Your last statement is true for the most part, except some cold water species are used to higher oxygen levels (cold water holds more oxygen). But why tropicals cant tough out a winter the way natives do is still a tricky question.

My understanding is that there are some enzymes that keep cool water fishes from simply 'falling over' when it gets cold. But I still havent seen a good explanation. Good discussion so far though


----------



## MR.FREEZ (Jan 26, 2004)

i think , just my thought though, that it would have to

do with their red blood cells and how their blood carries

oxygen. fish in antarctica







have no red blood

cells cause the water is so rich in oxygen they dont

need them. tropical fish live in higher temp water

were oxygen could be very low, maybe i dont know

just one of those thing bouncing around in my head


----------



## flyboy (May 11, 2004)

Very interesting question. One of the big factors is that enzymes have a specific range of temperature that they operate at. Once that temp is breached, either too hot or too cold, the enzyme fails to function. Enzymes at low temperature operate too slowly to be efficient. And since enzymes are proteins, at high temps they denature, loose there 3-D shape and structure. In climates like Antartica, fish have stores of glycoproteins in the blood which act as an "Anti-freeze." That is a big factor as well. Since blood by volume is 55 percent plasma, and plasma is 90 percent water and water freezes. These ice crystals form in the blood and as you can imagine the results are horrific.

Freez, you are correct as to fish in Antartica have a special adaptaton within their blood, however they DO have erythrocytes (RBC's). It is hemoglobin, the iron-containing metalloprotien which transports oxygen, that they lack. This makes the blood thinner, which decreases the amount of force needed from the heart to push the blood through out the arteries, thus allowing their metabolism to be slower and conserve valuable energy.

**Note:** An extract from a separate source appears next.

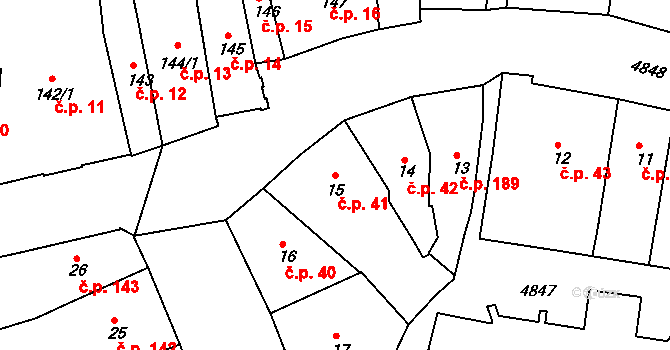 Louny 41 na parcele st. 15 v KÚ Louny, Katastrální mapa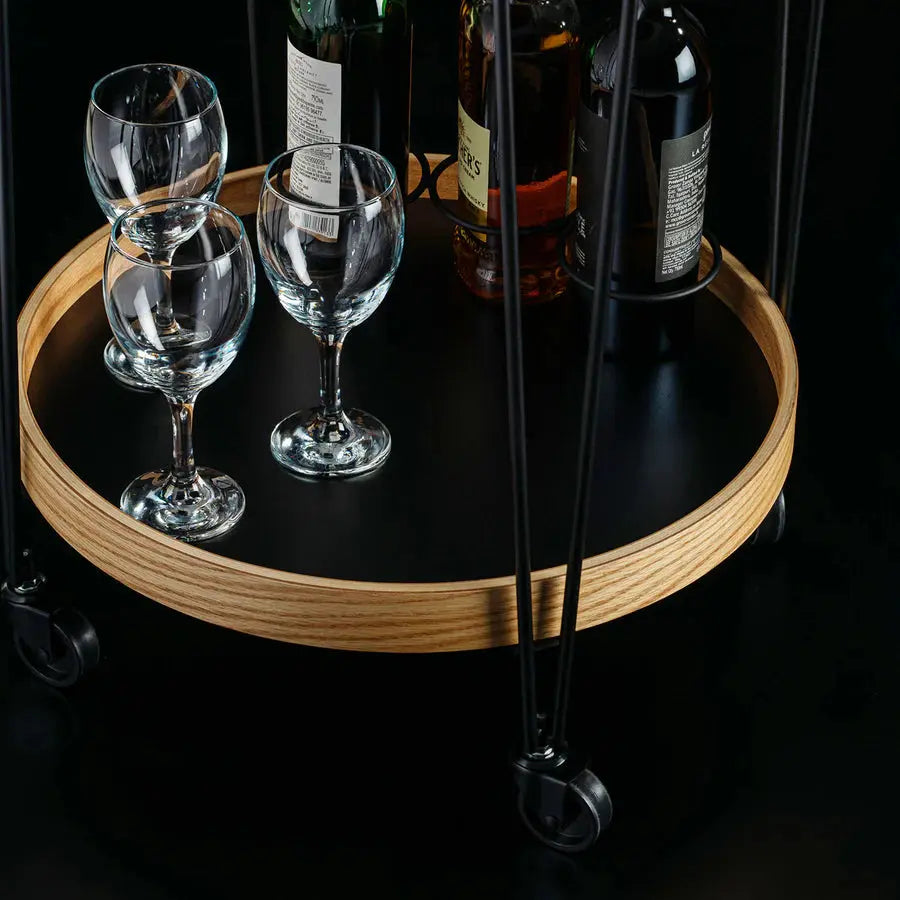 Circular Wooden Serving Cart - grahsajja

On a side note, did you know mature Erythrocytes do not have a nucleus? They have one at first but then spit it out to acquire more room for more hemoglobin, and help the RBC to achieve the biconcave structure which is perfect for collecting oxygen. Our bodies are amazing, we fit together like a puzzle, each part complementing the other to sustain life.

Here is a link with some good info. Here


----------



## MR.FREEZ (Jan 26, 2004)

righton flyboy, i know there was more to it

for those fish in the "real deep south"









was a long time ago i saw that info somewere


----------



## flyboy (May 11, 2004)

Lol, yea. Living organisms have an amazing ability to adapt to their surroundings.


----------



## Polypterus (May 4, 2003)

Ace is this a trick question? Tropical or coldwater or temperate is a rather subjective term on the individual species level.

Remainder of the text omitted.